Dorsey suggests that age bigots are incredibly shortsighted, and he
refers to basic knowledge management
principles. He says, “retraining an experienced worker to use new
technology tools often pays great dividends since the new skills are
layered upon the breadth and depth of their experience and maturity.”
According to the
industry’s own figures, IT companies have been paying a high price
for their prejudices. Discriminating firms may be putting themselves at
a
disadvantage when dealing with their customers, many of whom are headed
by 50 to 60 year olds. Larry Beaudoin, an 18-year IT veteran, told
Computer Reseller News that he was rejected by a half dozen employers
before landing a job with Sage Computer Associates. The 56-year-old
noted with some satisfaction that a little gray hair and a lot of
experience was an advantage when selling complex systems to customers.
But, he adds, there are limits. “If I try other places, like the young
start-ups, which I have, they look at me like I have three heads.”
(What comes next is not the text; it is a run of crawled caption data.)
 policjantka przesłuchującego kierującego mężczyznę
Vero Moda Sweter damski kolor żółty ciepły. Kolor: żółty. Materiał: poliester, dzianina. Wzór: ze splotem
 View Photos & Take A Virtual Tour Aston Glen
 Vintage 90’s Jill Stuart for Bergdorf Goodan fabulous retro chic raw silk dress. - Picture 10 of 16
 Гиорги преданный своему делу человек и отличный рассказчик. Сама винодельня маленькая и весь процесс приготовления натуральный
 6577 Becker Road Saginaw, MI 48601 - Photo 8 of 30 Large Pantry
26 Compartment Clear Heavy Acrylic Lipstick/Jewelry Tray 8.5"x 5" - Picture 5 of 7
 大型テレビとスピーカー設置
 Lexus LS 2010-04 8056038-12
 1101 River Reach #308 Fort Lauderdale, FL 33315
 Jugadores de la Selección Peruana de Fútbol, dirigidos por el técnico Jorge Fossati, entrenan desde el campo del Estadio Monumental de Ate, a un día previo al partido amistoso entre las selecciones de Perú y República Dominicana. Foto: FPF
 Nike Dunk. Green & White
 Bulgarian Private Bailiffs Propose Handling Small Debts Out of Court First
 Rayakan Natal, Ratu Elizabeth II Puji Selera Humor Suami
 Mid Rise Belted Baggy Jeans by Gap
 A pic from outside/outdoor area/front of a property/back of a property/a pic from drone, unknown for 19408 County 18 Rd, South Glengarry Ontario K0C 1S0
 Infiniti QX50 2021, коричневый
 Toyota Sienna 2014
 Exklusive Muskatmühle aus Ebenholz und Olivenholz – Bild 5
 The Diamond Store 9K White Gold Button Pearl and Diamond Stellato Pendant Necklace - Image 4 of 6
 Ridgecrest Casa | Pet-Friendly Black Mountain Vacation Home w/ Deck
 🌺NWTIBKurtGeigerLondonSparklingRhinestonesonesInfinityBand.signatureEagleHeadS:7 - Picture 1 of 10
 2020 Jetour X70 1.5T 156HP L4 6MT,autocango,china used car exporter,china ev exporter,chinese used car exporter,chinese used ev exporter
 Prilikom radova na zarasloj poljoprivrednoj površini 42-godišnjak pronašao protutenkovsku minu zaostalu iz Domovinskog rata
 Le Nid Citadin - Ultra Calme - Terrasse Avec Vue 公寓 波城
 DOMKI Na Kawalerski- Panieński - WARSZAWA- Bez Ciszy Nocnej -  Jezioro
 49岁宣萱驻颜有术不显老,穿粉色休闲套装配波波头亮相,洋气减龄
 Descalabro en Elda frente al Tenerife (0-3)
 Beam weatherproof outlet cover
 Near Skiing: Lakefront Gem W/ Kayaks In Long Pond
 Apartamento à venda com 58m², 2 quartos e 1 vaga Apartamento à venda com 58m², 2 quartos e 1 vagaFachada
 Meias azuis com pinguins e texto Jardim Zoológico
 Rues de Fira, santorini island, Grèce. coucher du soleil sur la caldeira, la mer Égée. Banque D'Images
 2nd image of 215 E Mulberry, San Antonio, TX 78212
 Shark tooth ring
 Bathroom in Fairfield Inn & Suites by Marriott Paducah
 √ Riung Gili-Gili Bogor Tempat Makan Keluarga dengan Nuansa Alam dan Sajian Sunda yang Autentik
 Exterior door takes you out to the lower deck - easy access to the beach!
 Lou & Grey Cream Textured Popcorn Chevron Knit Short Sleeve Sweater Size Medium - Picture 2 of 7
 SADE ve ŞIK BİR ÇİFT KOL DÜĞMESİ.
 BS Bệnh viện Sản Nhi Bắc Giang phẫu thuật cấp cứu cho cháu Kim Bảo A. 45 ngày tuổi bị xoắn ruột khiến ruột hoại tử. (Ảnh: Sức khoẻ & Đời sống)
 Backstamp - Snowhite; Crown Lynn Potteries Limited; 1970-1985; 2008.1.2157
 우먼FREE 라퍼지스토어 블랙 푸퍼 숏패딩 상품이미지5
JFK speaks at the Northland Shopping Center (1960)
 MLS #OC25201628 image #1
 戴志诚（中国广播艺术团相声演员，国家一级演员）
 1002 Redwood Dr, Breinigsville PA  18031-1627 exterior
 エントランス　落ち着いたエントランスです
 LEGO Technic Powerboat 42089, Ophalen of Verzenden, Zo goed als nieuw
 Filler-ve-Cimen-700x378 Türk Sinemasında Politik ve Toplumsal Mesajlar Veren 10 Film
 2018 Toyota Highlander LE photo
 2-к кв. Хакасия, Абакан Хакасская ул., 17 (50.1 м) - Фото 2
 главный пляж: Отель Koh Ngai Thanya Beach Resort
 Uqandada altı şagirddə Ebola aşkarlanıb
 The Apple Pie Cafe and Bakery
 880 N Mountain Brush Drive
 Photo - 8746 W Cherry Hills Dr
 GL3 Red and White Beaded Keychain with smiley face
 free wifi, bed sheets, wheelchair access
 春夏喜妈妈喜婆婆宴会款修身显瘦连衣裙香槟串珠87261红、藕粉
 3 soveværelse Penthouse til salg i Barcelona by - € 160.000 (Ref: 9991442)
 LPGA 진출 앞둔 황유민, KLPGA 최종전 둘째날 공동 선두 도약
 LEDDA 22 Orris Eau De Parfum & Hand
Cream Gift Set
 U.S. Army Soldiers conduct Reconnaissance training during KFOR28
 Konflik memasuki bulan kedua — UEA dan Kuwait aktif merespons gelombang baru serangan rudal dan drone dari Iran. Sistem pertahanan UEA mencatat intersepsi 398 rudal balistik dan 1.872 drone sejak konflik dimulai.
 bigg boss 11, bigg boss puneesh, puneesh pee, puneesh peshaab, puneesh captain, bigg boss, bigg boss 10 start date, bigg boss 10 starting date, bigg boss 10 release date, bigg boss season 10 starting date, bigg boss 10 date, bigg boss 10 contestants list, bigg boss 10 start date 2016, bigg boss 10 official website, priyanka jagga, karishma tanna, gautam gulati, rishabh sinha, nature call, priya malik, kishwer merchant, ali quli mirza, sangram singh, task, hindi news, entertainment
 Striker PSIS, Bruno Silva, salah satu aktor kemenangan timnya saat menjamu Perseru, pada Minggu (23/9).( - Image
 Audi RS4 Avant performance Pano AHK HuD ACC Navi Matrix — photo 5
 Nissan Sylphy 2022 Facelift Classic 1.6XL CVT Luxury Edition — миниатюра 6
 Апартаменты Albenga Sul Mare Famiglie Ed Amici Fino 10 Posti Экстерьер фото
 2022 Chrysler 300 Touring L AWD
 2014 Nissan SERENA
In addition to lost sales, age discrimination is increasing wage costs
and turnover.
A recent study showed that 76.5% of companies were now
offering sign-on bonuses to IT workers. As a result turnover rates are
accelerating.
According to a recent survey from Jobtrack.com, 58% of new IT
graduates plan to stay at their first job less than two years. The cost
of such continuous turnover is high, but many firms, particularly
dot-coms,
have virtually no retraining budget, and many managers choose to believe
that constant turnover
is an advantage, as it opens up opportunities for entry-level employees
with the
latest skills. As one older worker said, “No one ever asked me how long
I planned to stay with the company. I used to get asked that all the
time.”
How does the Open Source community stack up against its peers in
other sections of the IT industry?
One of the things I like about the Linux culture has been its
relative openness to the “chronologically advanced,” although I have to
admit the Open Source culture takes some getting used to. The folks I
know at Andover [now OSDN] include a lot of extremely middle-aged people.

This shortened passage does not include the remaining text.